テニスの全仏オープンが始まり、30日(日本時間、2021年5月)の女子シングルス1回戦で大坂なおみ選手(世界ランキング2位)は、ルーマニアのP・ティグ選手(同63位)にストレート勝ちした。試合後の記者会見に応じず、約165万円の罰金を科せられた。この問題を、番組が取り上げた。
大坂選手は、試合後のコートでのインタビューには応じ、「本当に勝ててよかった。(新しくなったコートは)とても美しいコートですね。まだ2試合しか経験したことがありません。屋根がなかった前回、そして今回。今後も勝ち続けたいわ。(どうやって順応する?)今はまだ調整中。プレーを重ねるたびに、徐々に調子を上げていきたい」。
「より厳しい制裁が科せられる可能性」
コート外での記者会見に応じない理由について、同選手はツイッターで、「試合で負けた後、記者会見室で心をへし折られる選手の映像を、もう何度も見てきましたし、皆さんもきっとそうでしょう。あの状況での記者会見は、落ち込んでいる選手たちに追い打ちをかけるものであり、なぜそのような会見が行われるのか、理解できません」。
大会では、勝敗に関わらず、会見に出席しないと最高2万ドル(約220万円)の罰金が科される規則がある。記者会見に応じなかった大坂選手に対し、4大大会の主催者であるグランドスラム・トーナメントは「大坂なおみ選手は本日、契約上の報道対応義務を果たさないことを選択しました。そのため全仏オープンのレフェリーは行動規範に基づき、1万5000ドルの罰金を科しました」とする声明を出した。

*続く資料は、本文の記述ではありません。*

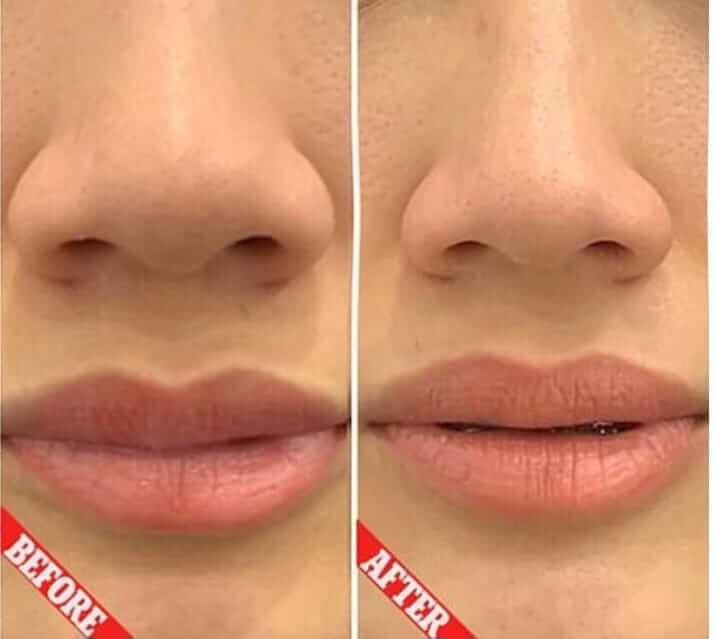 fibroblast lips before and after pic fully healed.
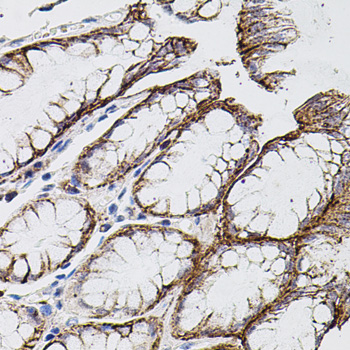 MMP9 Rabbit Polyclonal Antibody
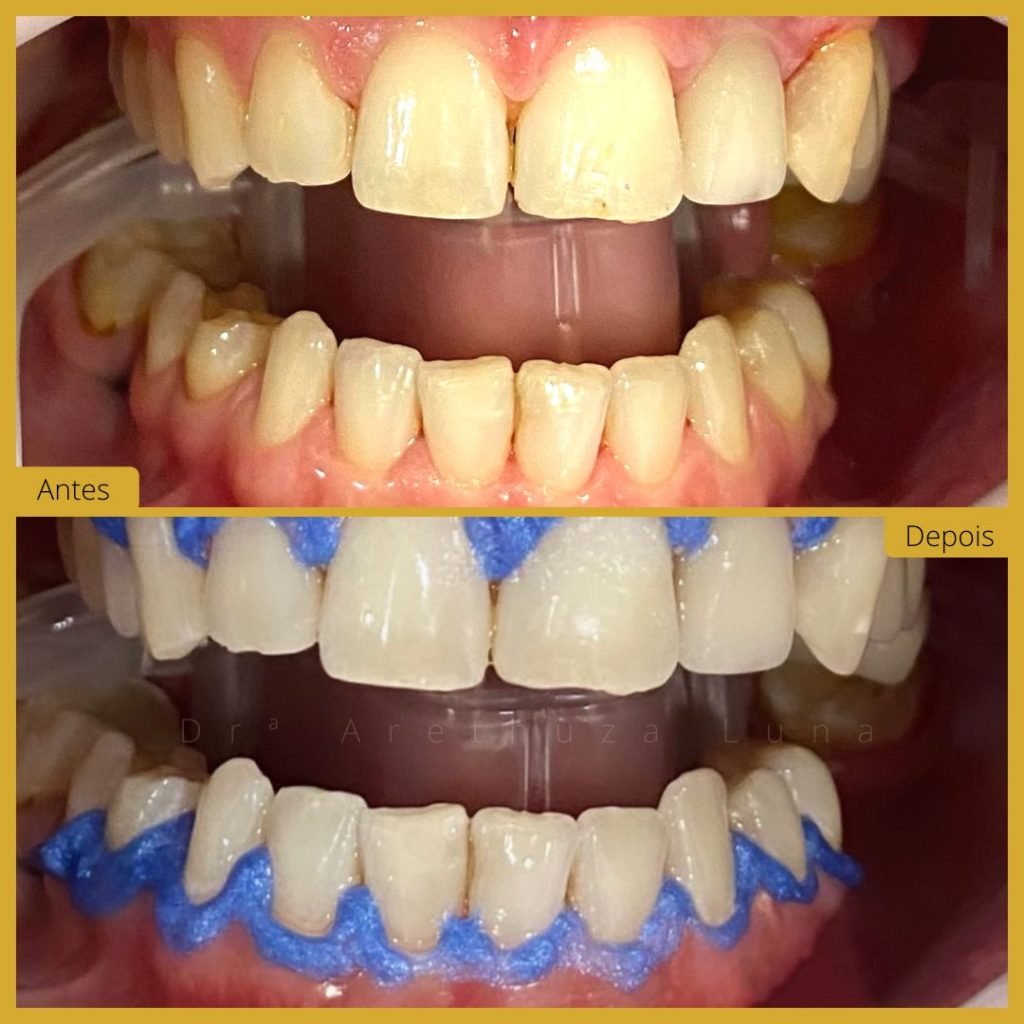 Branqueamento dentário – Caso 8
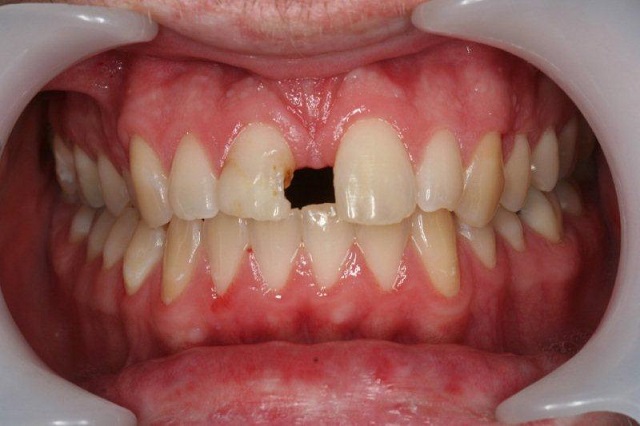 Spaced or missing teeth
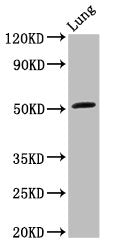 ARHGAP1 Antibody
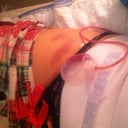 bruising on my leg, makes it pretty hard to get up and down.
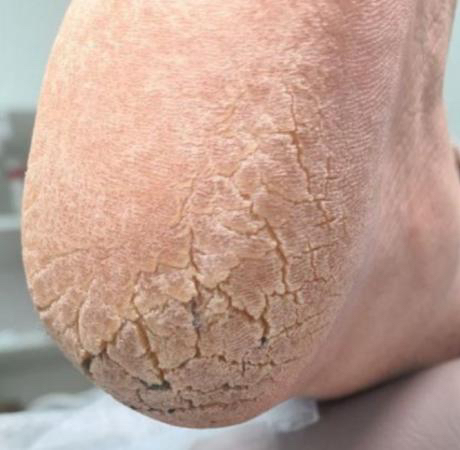 Педикюр с осложнением кожи (гиперкератоз)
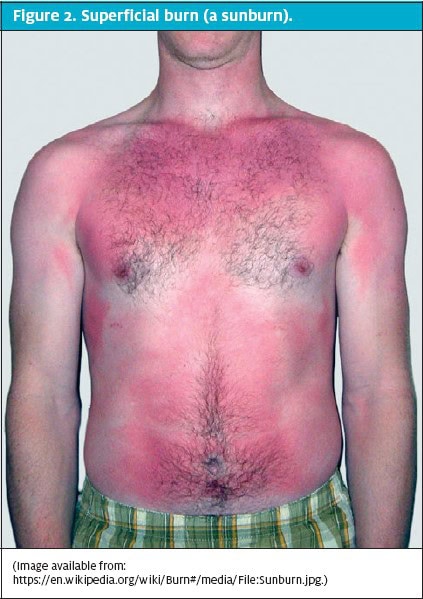 Urgent Care Burns - Sun Burn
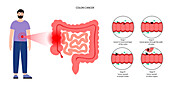 Colon cancer stages, illustration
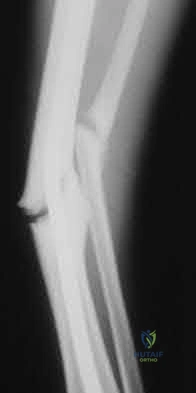 Illustration 140 for OrthoCash: Trauma MCQs & Cases for a yearold woman
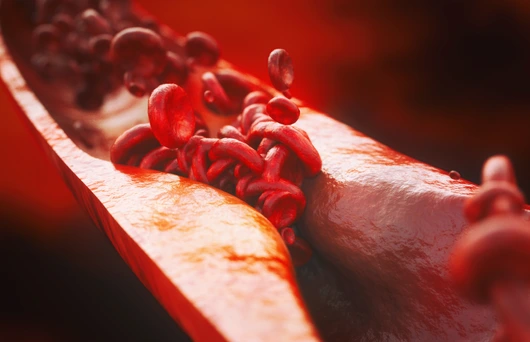Closeup of a atherosclerosis- 3D rendering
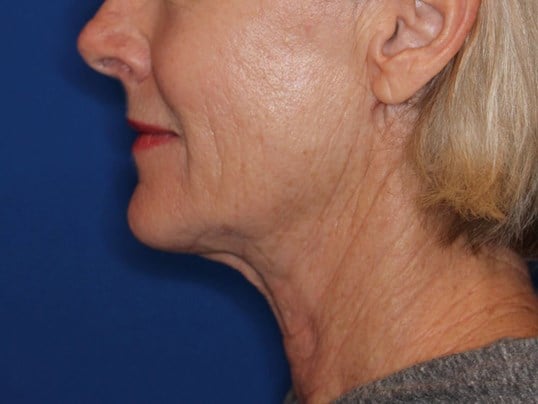 Nonsurgical Skin Tightening After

さらに「大会期間中にメディアへの対応義務を無視し続けることは、さらなる行動規範違反につながる可能性がある、ということをお伝えしました。違反を繰り返すと、大会からの退場、より多額の罰金や将来のグランドスラム出場停止につながる重大な違反調査など、より厳しい制裁が科せられる可能性があります」とも指摘した。

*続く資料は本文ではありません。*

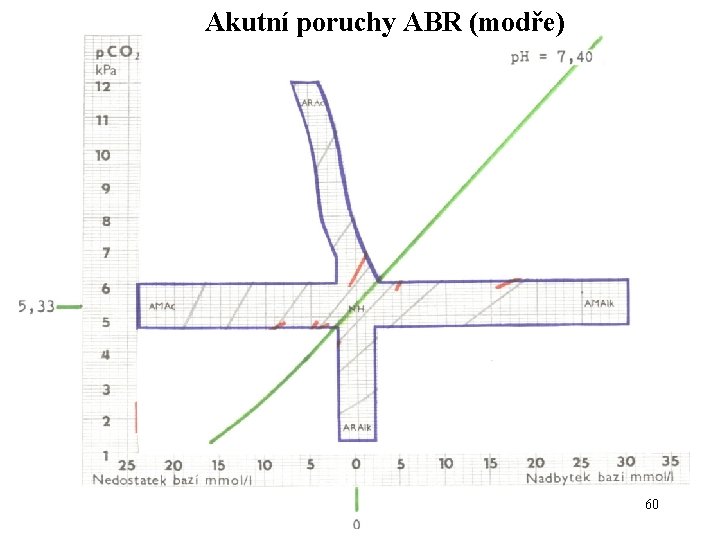 Akutní poruchy ABR (modře) 60 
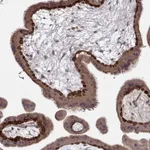 Atlas Antibodies Anti-WNT6 Antibody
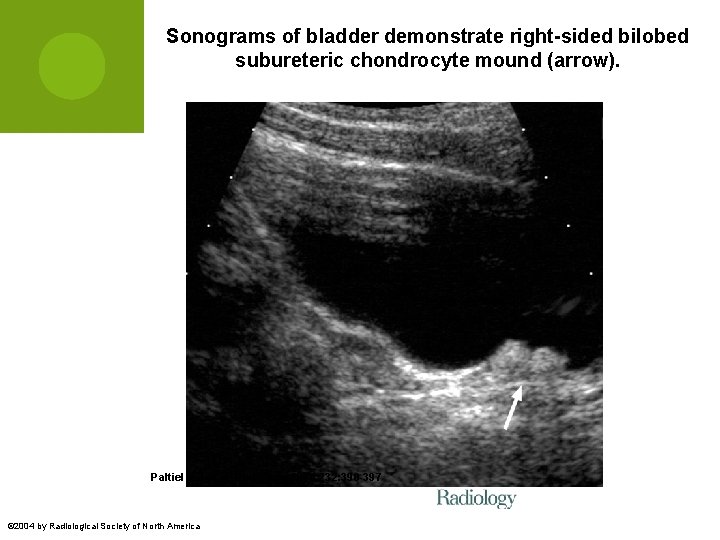 Sonograms of bladder demonstrate right-sided bilobed subureteric chondrocyte mound (arrow). Paltiel H J et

これに対し、大坂選手はツイッターで「anger is a lack of understanding. change makes people uncomfortable. (怒りは理解の欠如。変化は人々を不快にさせる)」としている。
これに対し、錦織圭選手は、「嫌な時もあるけれど、大会で賞金をもらい、いろんな人が大会を作り、関わってくれていることを考えると、(記者会見は)しないといけないことだと思う。大会のプロモーションの一環として、選手がやらなければいけないことの一つかなと思う」。ラファエル・ナダル選手は、「彼女の決断を尊重する。一方で、メディアが発信してくれなければ、僕たち選手が今のような知名度や人気を得られていないだろう。メディアもスポーツの重要な一部だと思う」。ノバク・ジョコビッチ選手は、「おそらく彼女なりの理由があるのだろう。時に会見は不快なものになりえるのはわかる。でも、それは競技の一部であり、ツアー生活の一部だ」。

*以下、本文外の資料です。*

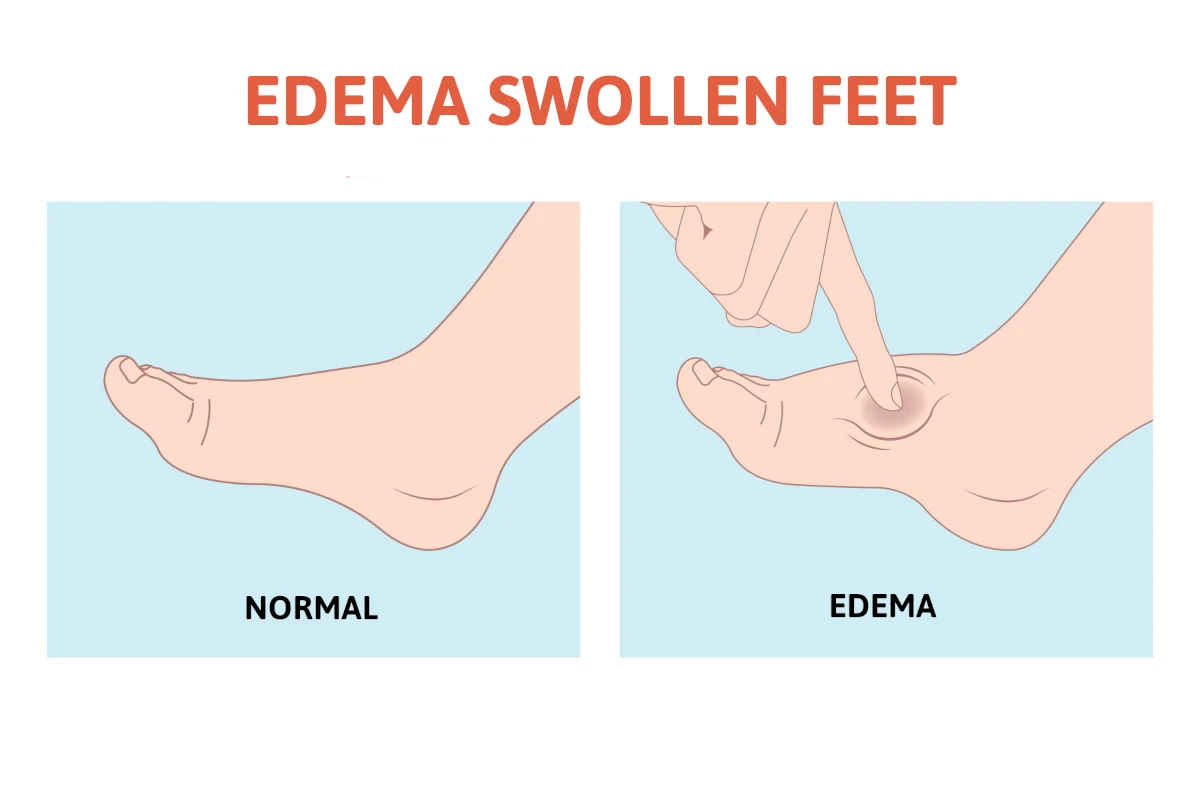 Swollen Legs and Edema: Causes, Symptoms, and Treatment Explained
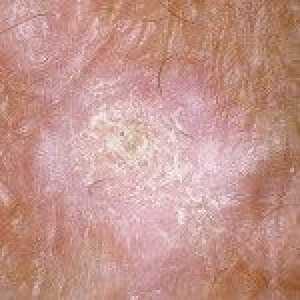 Cancer de piele
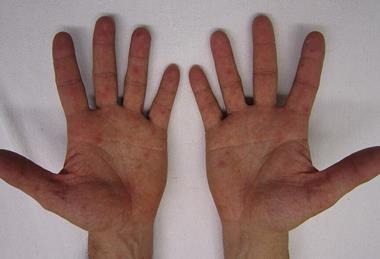 Characteristic_rash_of_hand,_foot,_and_mouth_disease,_on_human_hands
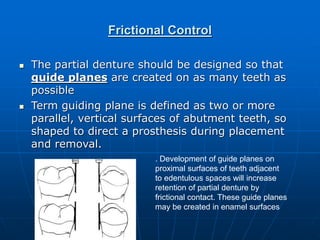 Principles of rpd design | PPT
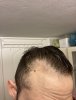 hair-10.jpg hair-10.jpg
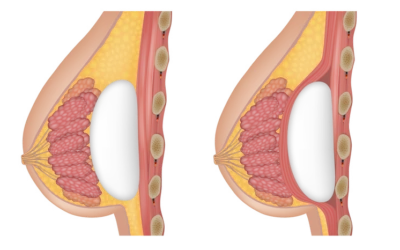 Augmentation mammaire sur le muscle avis Augmentation mammaire sur le muscle avis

MCの加藤浩次「(同僚のテニスプレーヤーは)大坂選手の気持ちはわかる。でも会見はやらなければいけないんだ、という。でも、それじゃ何も変わらないじゃないか。主催者側が、会見の時にルールを決めるとか、歩みよりもあっていいんじゃないか」「自分の選手生命を失うかもしれない発言をここまでしている人、その発言を、全体論で、まあやった方がいいよ、みたいな話は、ぼくは違うと思うんだけど」
大坂選手は、人種問題などでも積極的な発言をしてきた。記者会見の「change」について、主催者だけでなく、記者も議論に応じたらどうか。